- [Description of the task]:
For the records shown below, return an exact copy that excludes the pictures.

- [Record set]:
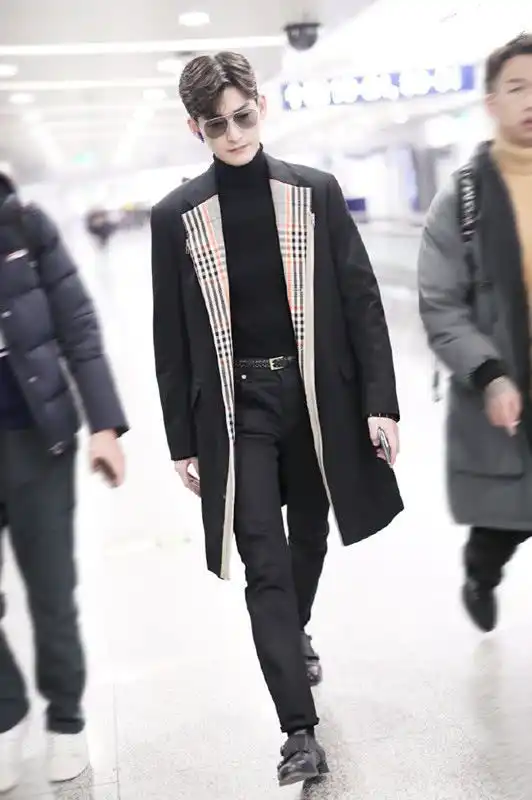 外穿风衣搭高领,再做一个逗号发型时髦又显年轻更有型男范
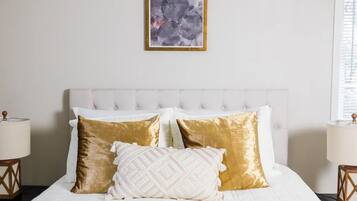 5 bedrooms, iron/ironing board, WiFi, bed sheets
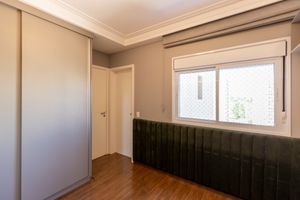 Image 35 - 920207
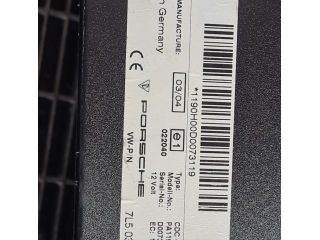 bontott PORSCHE CAYENNE CD / DVD Tár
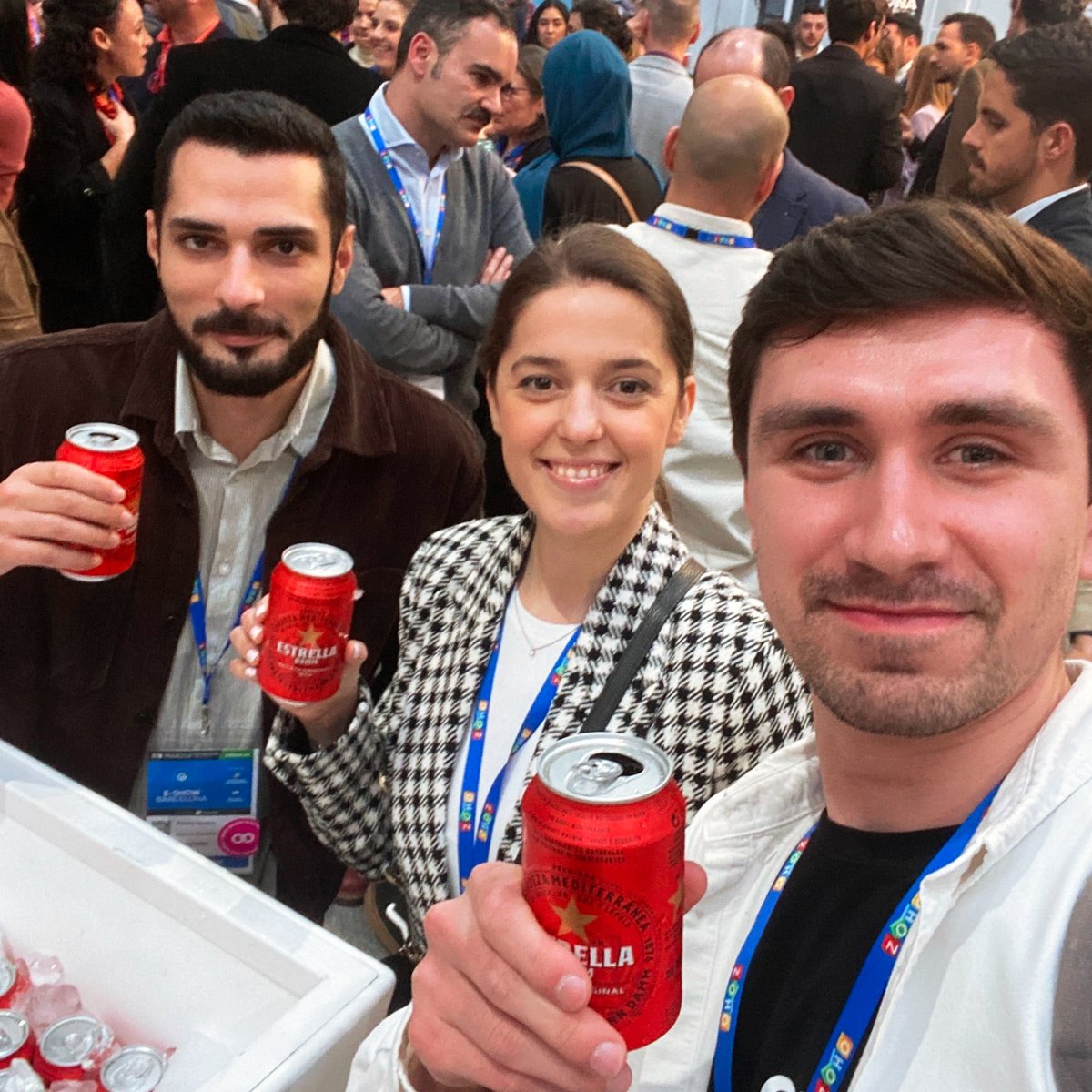 ShippyPro_'s tweet image. 🚀 🇪🇸 How amazing these two days at @eshowesp  have been!

We had insightful talks about shaping the future of #shipping and created e-commerce business strategies with the merchants who attended, thank you all.

Until next time, adiós Barcelona! 👋

#EShowBCN2023 #eShowBarcelona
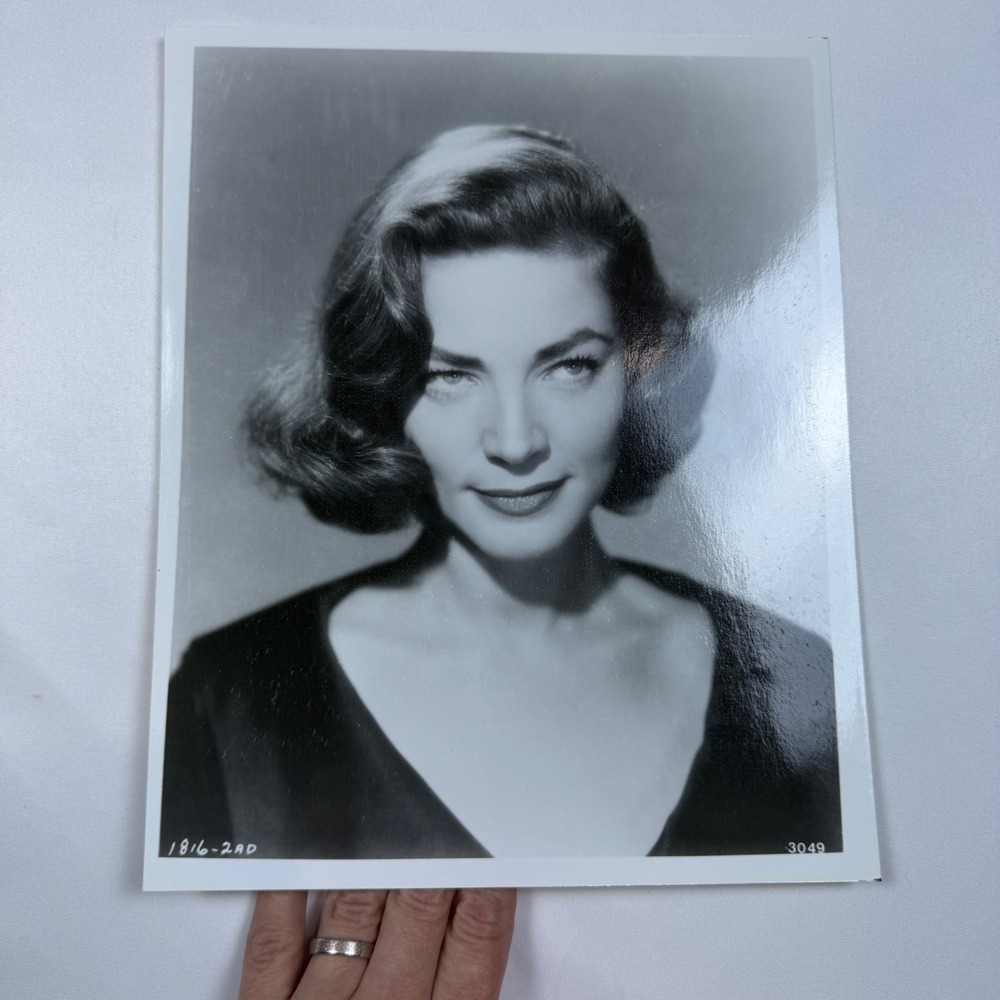 Lauren Bacall Glossy Portrait Photo 8x10 B&W Vintage Hollywood Glamour 1816-2AD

- [Solution for this problem]:
 外穿风衣搭高领,再做一个逗号发型时髦又显年轻更有型男范
 5 bedrooms, iron/ironing board, WiFi, bed sheets
 Image 35 - 920207
 bontott PORSCHE CAYENNE CD / DVD Tár
 ShippyPro_'s tweet image. 🚀 🇪🇸 How amazing these two days at @eshowesp  have been!

We had insightful talks about shaping the future of #shipping and created e-commerce business strategies with the merchants who attended, thank you all.

Until next time, adiós Barcelona! 👋

#EShowBCN2023 #eShowBarcelona
 Lauren Bacall Glossy Portrait Photo 8x10 B&W Vintage Hollywood Glamour 1816-2AD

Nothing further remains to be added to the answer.